-- Exercise data --
-- Opening Marker --

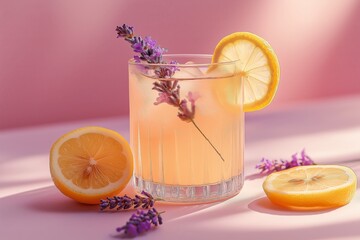 A minimalistic stock photo of lavender lemonade in a glass, garnished with lemon slices and lavender sprigs on a soft pink background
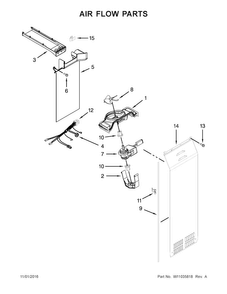 Air Flow Parts Diagram and Parts List for 10651135610  Kenmore Refrigerator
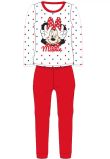 Pijama ML, bumbac, cu imprimeu, alba cu buline, pantaloni rosii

-- Closing Marker --

-- Work task --
Each line above must be set down exactly, though no picture should be carried over.

-- Response to the task --
 A minimalistic stock photo of lavender lemonade in a glass, garnished with lemon slices and lavender sprigs on a soft pink background
 Air Flow Parts Diagram and Parts List for 10651135610  Kenmore Refrigerator
 Pijama ML, bumbac, cu imprimeu, alba cu buline, pantaloni rosii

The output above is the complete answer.